Out
Introduction
Kate Bartlett
I say drop a mouse into a poem
and watch him probe his way out,
or walk inside the poem’s room
and feel the walls for a light switch.
– Billy Collins, Introduction to Poetry
The selections of “Out” celebrate the nuance of life, politics, and language, where readers are left looking for the colours of human connection. We often assume academic writing to be black and white, void of colour, emotion, or creativity, while creative writing full of colour and personality, emphasizing human connections. However, between the perceived black and white of academia, there is an entire haze of grey where all genres coexist, showcasing their similarities. It is where binaries become blurry as the spectrum of greyscale exists between the two sides. As Collins implies in “Introduction to Poetry,” sometimes finding answers requires squinting, searching, in the haze after lights have been turned “Out,” as your eyes start to adjust to your new perspective. Sometimes you must explore pieces from the inside out like a mouse, rummaging for less obvious connections. The selections of this chapter belong in “the inbetween,” in the grey, where they grapple with truth and disconnection, and rethink the stability of political, and linguistic systems.

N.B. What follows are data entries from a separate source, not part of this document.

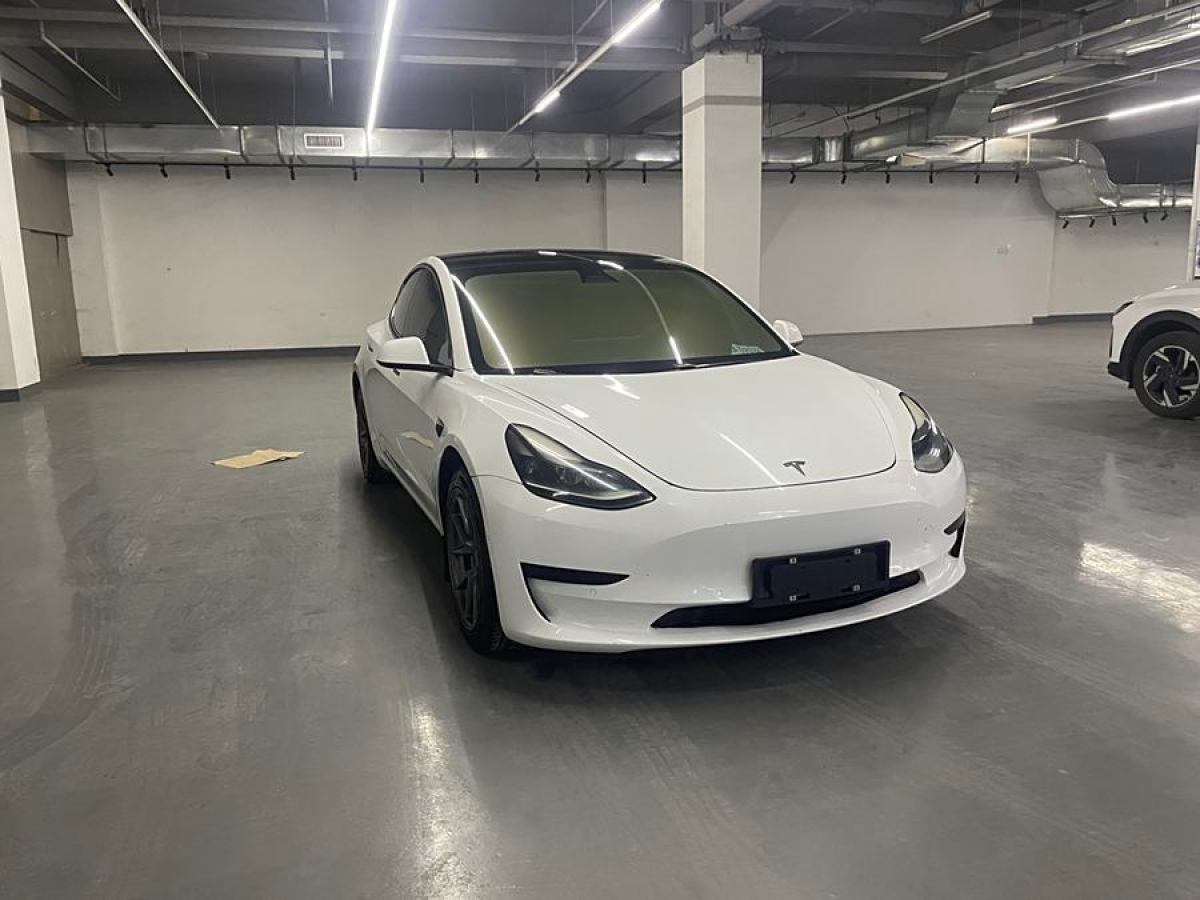 特斯拉 Model Y  2022款 改款 后輪驅(qū)動版圖片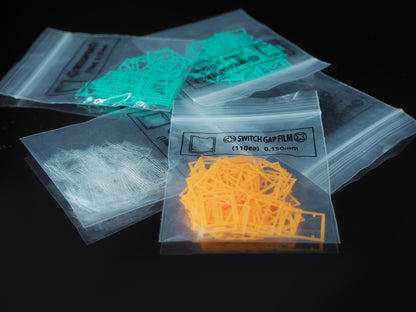 TX Switch Films V2 in multiple colours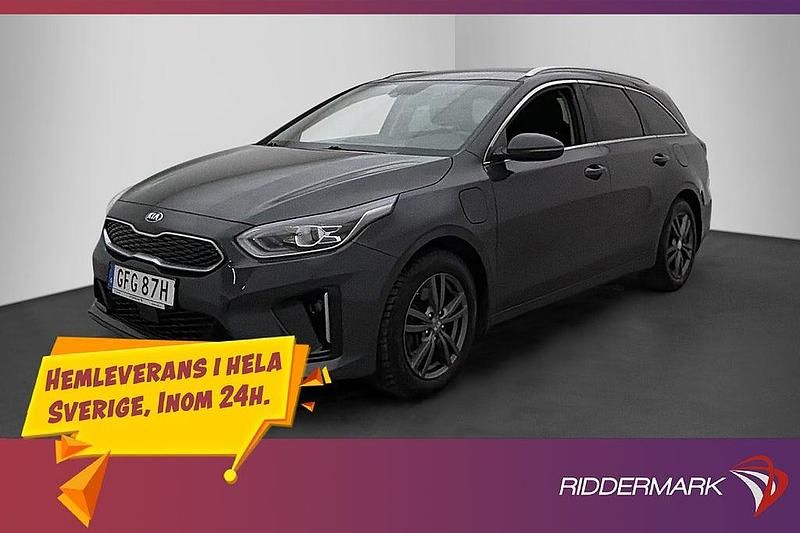 Begagnad Kia Ceed Sportswagon 2021 Grå Kombi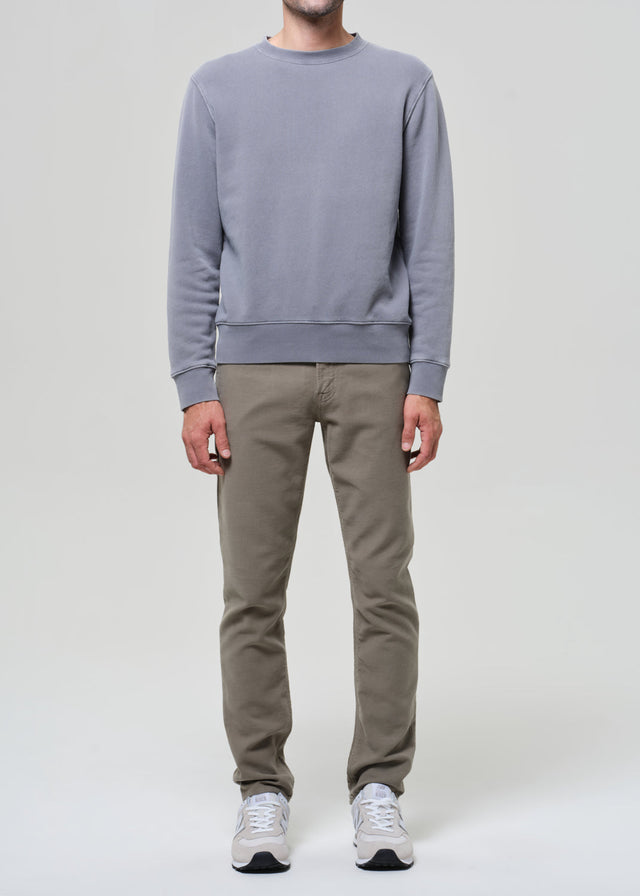 Adler Slim Perform Twill in Nova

The poems in “Out” illustrate the tension between creativity and colour as the authors’ paint disjunct scenes. MacDonald’s “Breakwater” struggles with the dichotomic definition of truth, expressing an exhaustion of binaries. MacDonald creates a mood of longing for a softer, more fluid, and more colourful existence. Similarly, Lamb’s “Paradise” depicts a neighbourhood that has lost its vibrancy as a result of its lack of human connections. The neighbourhood is void of relationships, diminished from a community of people to merely homes lining the streets.

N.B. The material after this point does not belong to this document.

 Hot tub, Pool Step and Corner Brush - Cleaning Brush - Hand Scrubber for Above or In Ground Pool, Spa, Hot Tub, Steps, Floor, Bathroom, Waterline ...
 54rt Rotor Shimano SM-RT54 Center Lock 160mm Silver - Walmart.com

The academic essays in this chapter exhibit the complexities of language and social and political structures, showing us the ambiguity (or greyness) of well-developed and complicated systems. Voigt’s “Faulty Foundations: Modern Foreign Aid Disenfranchisement and the Long Shadow of Modernization Theory” explores the disconnections of socio-political values between different cultures, which generate black and white, “Us vs. Them” mindsets. While the public’s mentality may be black and white, Voigt demonstrates greyness in how perceptions of the Modernization Theory have changed over time. Theories evolve and alter within different contexts; there is no one, stable, interpretation. Also in “the inbetween” is Jenson’s “A Retrospective: Time, Structure, and the Informal Segmentation of David Copperfield,” which analyzes the relationship of verb tenses and time, and language’s ability to warp time to make the past seem present when the narrator describes events. The ability of tenses to manipulate our perception of time between the binary of past and nonpast is indicative of the grey area in language.
“Out” is monochromatic, the grey area between black and white. Academia can be both logical, yet nuanced. Creativity can be emotional, yet stark. It is in the grey where the constraints of the binary — academic vs. creative — are muddled, where similarities surpass differences. It is in this chapter that the colours of connection can be found in the void of grey, in the haze between black and white, as though someone has turned the lights “Out.”